Sunday, October 20, 2019

RBNZ Bank Capital Story

The RBNZ "bank capital requirement" review has become contentious. Yesterday, Michael Reddell (https://croakingcassandra.com/) showed three convincing graphs to debunk the RBNZ claim that the main reason for wanting to raise bank capital requirements is that our macro volatility is high.

Grant Spencer spoke about the process to review bank capital in October 2017. You could find his speech online. It is a nice speech. Thus, this is not something the new Governor invented for sure. The RBNZ thought about it earlier.

Here, I want to add one more graph to Reddell's three graphs to show that New Zealand's macro volatility is not significantly different from Australia's, not at all.
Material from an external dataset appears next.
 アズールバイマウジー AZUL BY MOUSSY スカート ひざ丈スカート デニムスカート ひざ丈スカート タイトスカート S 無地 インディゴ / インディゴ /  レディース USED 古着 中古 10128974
I decompose the real interest rate differentials r-r*, where r is New Zealand's real interest rate and r*is the U.S. real interest rate to Country Risk and a Currency Risk.
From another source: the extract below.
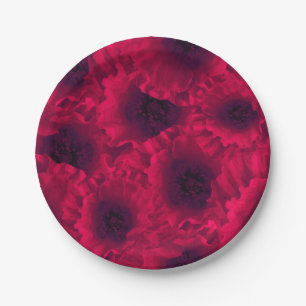 Rote Poppione Pappteller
r-r* = (i - i*-f)  + [(f-ds) + dq]

The first term is the Country Risk; the second and the third are the Currency Risk.

i is New Zealand's 3-month nominal interest rate; i* is the U.S. 3-month T-Bill interest rate; and f is the forward exchange rate of the NZD-USD. ds is the nominal exchange rate depreciation rate, which is zero under perfect foresight. dq is the expected real exchange rate depreciation rate. I do not have actual data for f  so I proxy it by s(t) - s(t-12). I do the same for Australia and focus on the Country Risk - the first term in the equation because the currency risk is almost the same for both the Kiwi dollar and the AUD.


The country risk for Australia and New Zealand are almost identical. The Standard Deviations are 11.4 for Australia and 11.9 for New Zealand.

There is no convincing macro indicator to use as a reason to raise bank capital. 

Maybe the RBNZ has other reasons, not macro ones.

The IMF newly published World Economic Outlook increased our growth rate forecast. Our banks withstood the massive Global Financial Crisis. Reddell also mentioned that we do not even have data for banking crisis that occurred once in 200 years.

The RBNZ must come up with a more reasonable story for its capital level review.